[Task data — start]

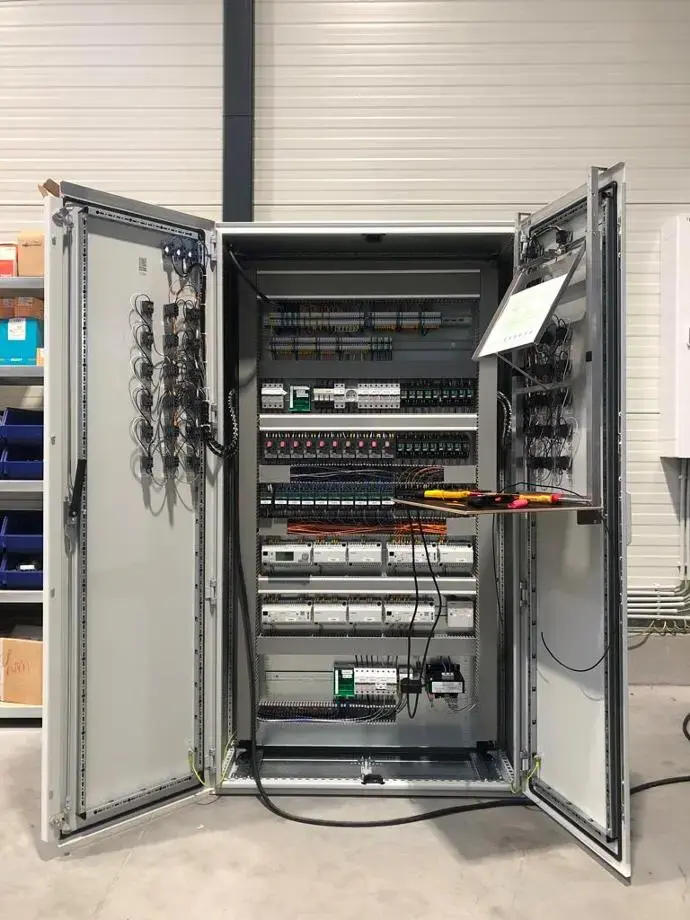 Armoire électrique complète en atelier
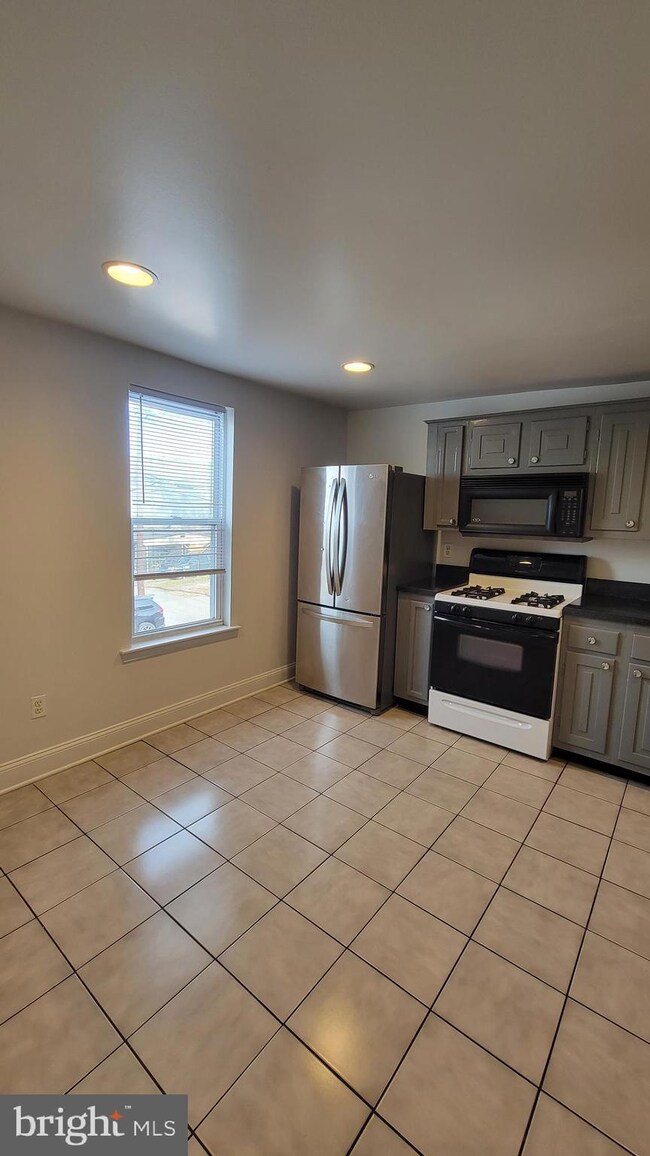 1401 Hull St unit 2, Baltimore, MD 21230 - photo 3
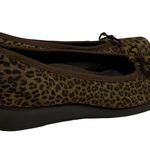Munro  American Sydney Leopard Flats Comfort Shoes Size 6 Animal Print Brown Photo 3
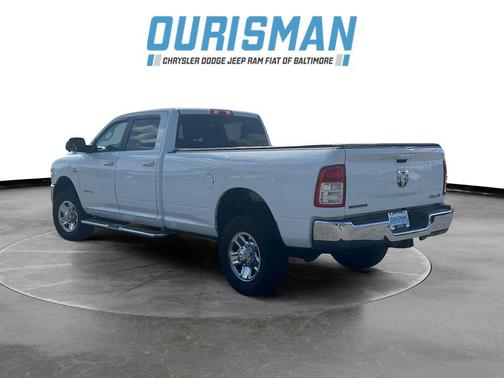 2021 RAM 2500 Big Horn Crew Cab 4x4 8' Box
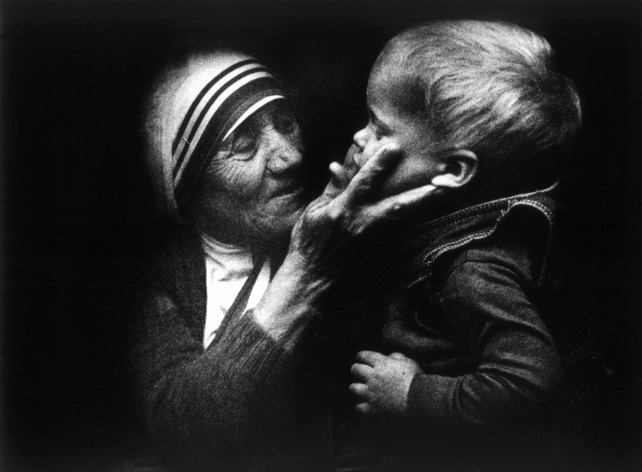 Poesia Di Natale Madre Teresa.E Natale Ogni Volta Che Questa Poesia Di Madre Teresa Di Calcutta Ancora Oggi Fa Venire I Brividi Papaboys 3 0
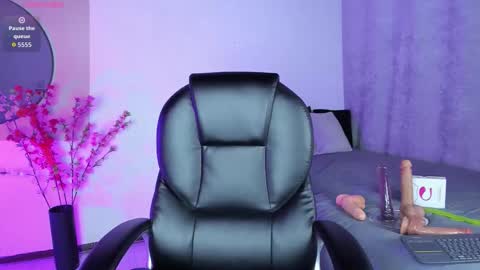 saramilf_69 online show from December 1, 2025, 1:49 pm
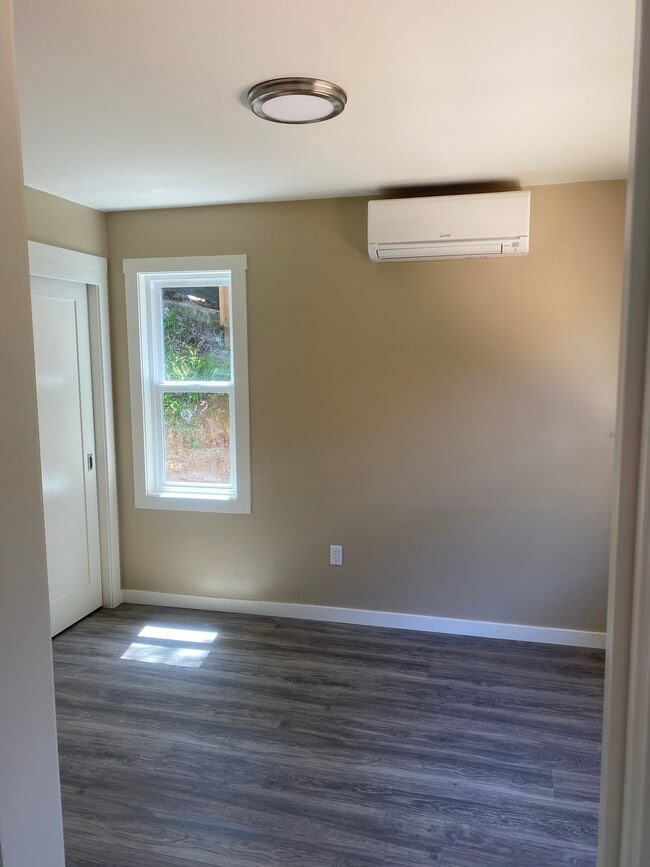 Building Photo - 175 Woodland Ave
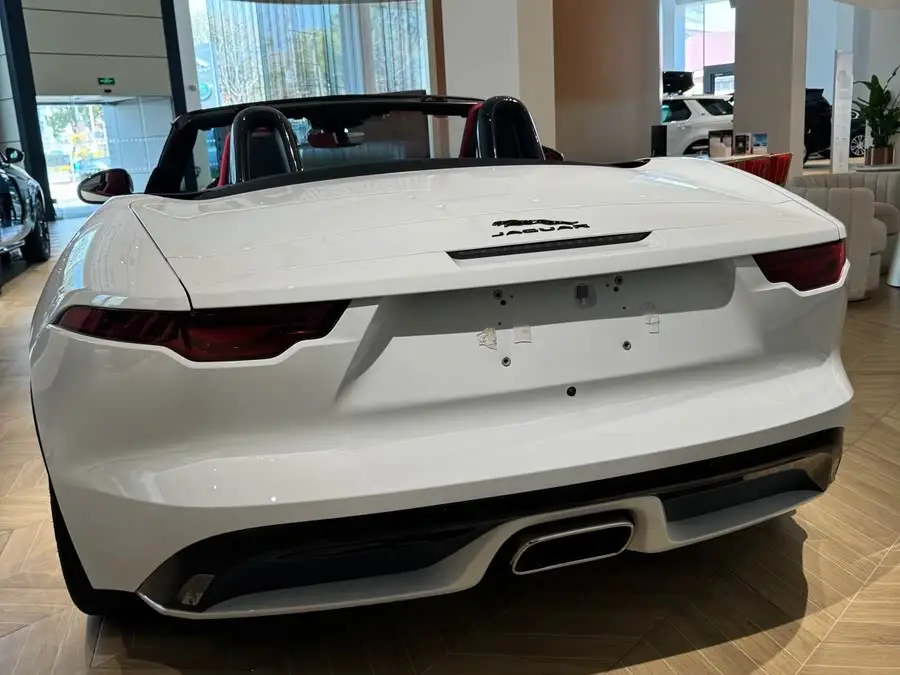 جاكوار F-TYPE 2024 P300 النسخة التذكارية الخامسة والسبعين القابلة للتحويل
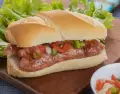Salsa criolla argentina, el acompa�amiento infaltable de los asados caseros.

[Task data — finish]

» What you will do
Skip the pictures. Write out exactly the lines from the one with "Building Photo - 175 Woodland Ave" through the last line of the listing, both ends included, and nothing more.

» Finished exercise
 Building Photo - 175 Woodland Ave
 جاكوار F-TYPE 2024 P300 النسخة التذكارية الخامسة والسبعين القابلة للتحويل
Salsa criolla argentina, el acompa�amiento infaltable de los asados caseros.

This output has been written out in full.